Not just that, MX Player, You Tube and Zee 5 also have a separate section for Turkish shows and films. From the times when Turkish shows dubbed in Hindi were aired on television channels like Zindagi to popular actors working in Indian adaptations, we find out what makes them popular.

The gift

It’s not the availability of OTT platforms or free time during the lockdown that account for the popularity of Turkish shows. Youngsters were earlier hooked to them on YouTube, when these were dubbed or streamed with subtitles. But with Zindagi channel and its first two successful shows from Turkiye, The Girl Named Feriha (Adini Feriha Koydum) and Fatmagul (Fatmagül’ün Suçu Ne?), it seeped into the drawing rooms in India. Which is why just a year after its telecast, Fatmagul was adapted into a Hindi television show titled Kya Qusoor Hai Amla Ka?

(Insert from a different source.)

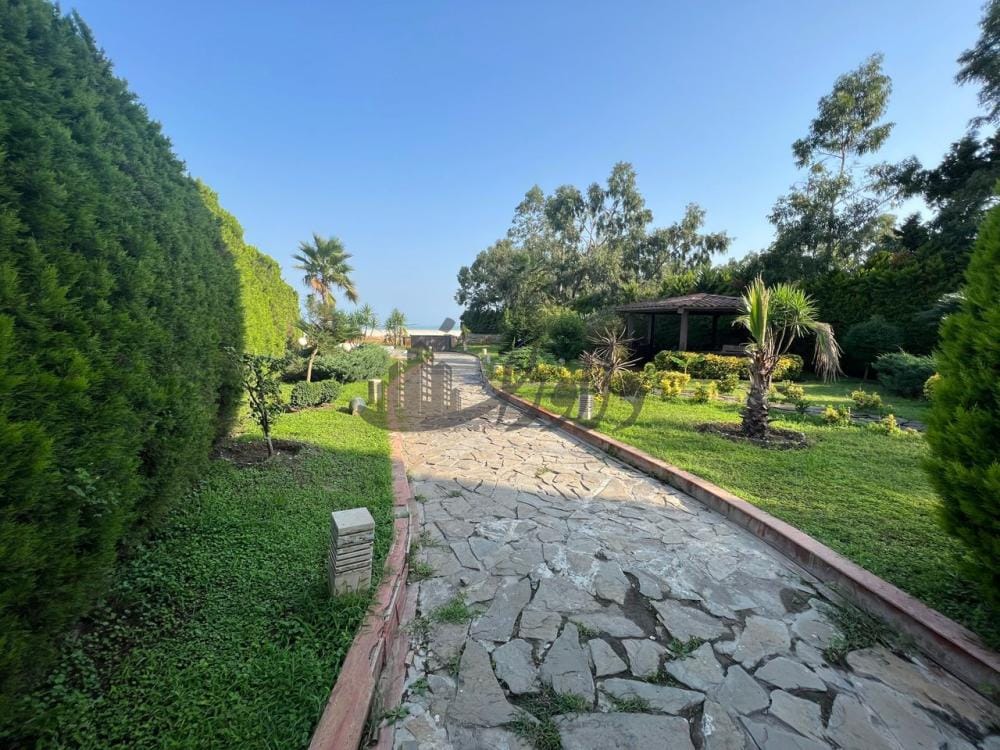 برج ساحلی ویو ابدی دریا استخر رو به ساحل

Actress Pankhuri Awasthy Rode, who played the titular character of Amla in the show, shares, “Just like South Korean shows, the best thing about Turkish dramas is that they are finite. They are subtle with no over-the-top dramatic scenes, unlike Indian shows. In fact, when we shot the adaptations, particular attention was given that they were as close as possible to the original. In a way, the only difference between Amla and Fatmagul was geographical; the places were apart but the story, emotions, family values, everything was the same.”

Love 101

Fatmagul was particularly a hit in Arab countries and South Asian subcontinent in countries like Bangladesh, Afghanistan, Pakistan and Nepal. In fact, in 2021 it was adapted into a Spanish show, Alba. It’s also because Turkiye is the confluence of Muslim and European cultures. The subjects are relatable too, besides feel good dramas like Fatmagul and Feriha are about social issues like discrimination, class divide and corruption.

Expansion of genres

According to TRT World, export of these dramas generates a business of approximately $500 million per year. And the government of Turkiye is hoping that these figures will increase to $1billion by 2023. Available in many genres, Dizi is what these dramas are called in their language.

While Zee network had realised the potential of Turkish shows best, it is global platforms like Netflix that pushed them into North American and Western European markets.

Binbir Gece and Dirilis: Ertugrul are two original Turkish shows in different genres, these are very popular by the name 1001 Nights and Resurrection: Ertugrul, respectively, amongst non-Turkish audiences. While the former is a soap opera loosely based on Middle-Eastern folk tales, the latter is a five-season historical fiction series, followed by a sequel, Rise of Empires: Ottoman. The second season of Ottoman was dropped in 2002 with six episodes.

Resurrection effect

The former Prime Minister of Pakistan, Imran Khan, praised Turkish show Resurrection and even requested the channel to translate it into Urdu for the public. Author, Abhinav Pandya even compared Dirilis: Ertugrul’s success in India to that of the Israeli drama Fauda, saying, “Just as Fauda fandom signals the shift of India’s influencers towards a more militant and exclusionary nationalism, the Ertugrul craze is a signpost written for the alienation of many of India’s 180 million Muslims from that dominant political culture and their search for solidarity elsewhere.” It was because of this reason that Resurrection was a craze in Jammu and Kashmir, especially among the Muslims.

Remake time

Owing to its craze worldwide, Binbir Gece was adapted into a Hindi show, Katha Ankahee, and was launched on Sony Television on December 5, 2022. Actors Aditi Sharma and Adnan Khan essayed the lead roles in the show.

Adnan Khan shares, “I did not watch the original show just to be more authentic. Even others did the same. But, at the same time, the moment it was offered to me, I was impressed. Due to a tight schedule of shooting, I do not get the time to explore more Turkish dramas but they are on my wish-list.”

In fact, after the audience lapped up Katha Ankahee, another Turkish adaptation has been ordered by the channel. It is titled Mere Apne, which is a remake of Bride of Istanbul (2017-2019). Actor Jay Bhanushali and Bigg Boss-fame Tina Datta are playing the lead roles in this show.